_INSTRUCTIONS TO FOLLOW_
Write out again, exactly, the lines below starting at the one with "1758 HOLED SHILLING" and ending at the one with "UK University Applications".

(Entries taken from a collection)
┌──

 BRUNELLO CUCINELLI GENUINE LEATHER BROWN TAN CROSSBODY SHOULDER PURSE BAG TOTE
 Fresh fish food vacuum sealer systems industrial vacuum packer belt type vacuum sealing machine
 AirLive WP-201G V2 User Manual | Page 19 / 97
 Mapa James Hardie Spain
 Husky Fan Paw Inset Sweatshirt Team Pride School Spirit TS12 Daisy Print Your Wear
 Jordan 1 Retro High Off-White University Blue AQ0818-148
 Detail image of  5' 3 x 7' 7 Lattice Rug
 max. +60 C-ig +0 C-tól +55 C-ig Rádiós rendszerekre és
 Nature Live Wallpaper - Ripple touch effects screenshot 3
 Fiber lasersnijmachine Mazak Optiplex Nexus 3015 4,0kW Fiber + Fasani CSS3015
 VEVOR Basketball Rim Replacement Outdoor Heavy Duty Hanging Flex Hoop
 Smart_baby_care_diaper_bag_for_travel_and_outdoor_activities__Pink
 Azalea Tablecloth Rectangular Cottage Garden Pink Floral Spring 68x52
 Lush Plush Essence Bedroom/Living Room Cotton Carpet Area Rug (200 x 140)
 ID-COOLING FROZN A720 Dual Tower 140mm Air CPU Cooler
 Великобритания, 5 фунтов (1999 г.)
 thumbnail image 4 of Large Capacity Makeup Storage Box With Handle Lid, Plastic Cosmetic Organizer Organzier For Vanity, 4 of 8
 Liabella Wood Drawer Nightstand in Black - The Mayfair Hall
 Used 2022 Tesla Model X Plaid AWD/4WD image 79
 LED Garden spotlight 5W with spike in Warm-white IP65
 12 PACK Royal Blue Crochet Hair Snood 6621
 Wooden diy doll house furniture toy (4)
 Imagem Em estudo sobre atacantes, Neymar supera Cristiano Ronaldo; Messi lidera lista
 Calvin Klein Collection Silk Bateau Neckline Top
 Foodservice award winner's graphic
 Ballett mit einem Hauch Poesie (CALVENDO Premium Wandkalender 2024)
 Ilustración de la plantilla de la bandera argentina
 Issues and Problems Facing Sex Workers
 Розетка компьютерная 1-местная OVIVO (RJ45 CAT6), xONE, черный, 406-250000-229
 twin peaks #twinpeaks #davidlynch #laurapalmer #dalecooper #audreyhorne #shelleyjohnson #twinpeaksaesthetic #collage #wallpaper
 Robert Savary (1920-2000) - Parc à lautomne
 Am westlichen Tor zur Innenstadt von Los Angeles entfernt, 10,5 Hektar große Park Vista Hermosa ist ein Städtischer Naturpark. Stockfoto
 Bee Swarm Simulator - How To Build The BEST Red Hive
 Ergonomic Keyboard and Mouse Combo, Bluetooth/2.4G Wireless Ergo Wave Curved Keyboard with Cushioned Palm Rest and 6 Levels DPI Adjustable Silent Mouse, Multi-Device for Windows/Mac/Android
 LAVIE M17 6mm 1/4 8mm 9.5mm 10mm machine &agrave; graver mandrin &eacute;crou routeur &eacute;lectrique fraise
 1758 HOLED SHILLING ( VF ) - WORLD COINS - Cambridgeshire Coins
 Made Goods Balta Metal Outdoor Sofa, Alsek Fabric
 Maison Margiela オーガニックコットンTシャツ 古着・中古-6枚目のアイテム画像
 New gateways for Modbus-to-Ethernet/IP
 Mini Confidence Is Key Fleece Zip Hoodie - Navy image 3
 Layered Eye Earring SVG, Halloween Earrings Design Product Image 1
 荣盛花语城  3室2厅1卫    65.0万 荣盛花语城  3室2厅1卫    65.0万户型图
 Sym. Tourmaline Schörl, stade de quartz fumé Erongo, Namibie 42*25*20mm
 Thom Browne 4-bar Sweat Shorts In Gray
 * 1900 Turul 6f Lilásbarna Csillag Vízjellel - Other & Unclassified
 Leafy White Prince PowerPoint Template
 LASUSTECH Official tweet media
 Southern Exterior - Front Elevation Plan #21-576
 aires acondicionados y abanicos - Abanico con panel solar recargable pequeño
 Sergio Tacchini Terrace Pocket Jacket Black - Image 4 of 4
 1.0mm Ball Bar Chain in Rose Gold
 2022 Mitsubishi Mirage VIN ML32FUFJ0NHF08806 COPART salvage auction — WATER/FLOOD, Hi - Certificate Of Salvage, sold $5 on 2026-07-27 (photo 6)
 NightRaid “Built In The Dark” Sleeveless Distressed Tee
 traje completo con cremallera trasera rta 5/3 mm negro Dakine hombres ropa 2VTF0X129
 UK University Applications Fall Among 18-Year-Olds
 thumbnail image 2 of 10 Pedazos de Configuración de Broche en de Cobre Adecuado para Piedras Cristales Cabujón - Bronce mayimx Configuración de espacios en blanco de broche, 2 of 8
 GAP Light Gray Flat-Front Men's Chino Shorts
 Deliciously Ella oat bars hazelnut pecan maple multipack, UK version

└──

_SOLUTION FOR THIS TASK_
 1758 HOLED SHILLING ( VF ) - WORLD COINS - Cambridgeshire Coins
 Made Goods Balta Metal Outdoor Sofa, Alsek Fabric
 Maison Margiela オーガニックコットンTシャツ 古着・中古-6枚目のアイテム画像
 New gateways for Modbus-to-Ethernet/IP
 Mini Confidence Is Key Fleece Zip Hoodie - Navy image 3
 Layered Eye Earring SVG, Halloween Earrings Design Product Image 1
 荣盛花语城  3室2厅1卫    65.0万 荣盛花语城  3室2厅1卫    65.0万户型图
 Sym. Tourmaline Schörl, stade de quartz fumé Erongo, Namibie 42*25*20mm
 Thom Browne 4-bar Sweat Shorts In Gray
 * 1900 Turul 6f Lilásbarna Csillag Vízjellel - Other & Unclassified
 Leafy White Prince PowerPoint Template
 LASUSTECH Official tweet media
 Southern Exterior - Front Elevation Plan #21-576
 aires acondicionados y abanicos - Abanico con panel solar recargable pequeño
 Sergio Tacchini Terrace Pocket Jacket Black - Image 4 of 4
 1.0mm Ball Bar Chain in Rose Gold
 2022 Mitsubishi Mirage VIN ML32FUFJ0NHF08806 COPART salvage auction — WATER/FLOOD, Hi - Certificate Of Salvage, sold $5 on 2026-07-27 (photo 6)
 NightRaid “Built In The Dark” Sleeveless Distressed Tee
 traje completo con cremallera trasera rta 5/3 mm negro Dakine hombres ropa 2VTF0X129
 UK University Applications Fall Among 18-Year-Olds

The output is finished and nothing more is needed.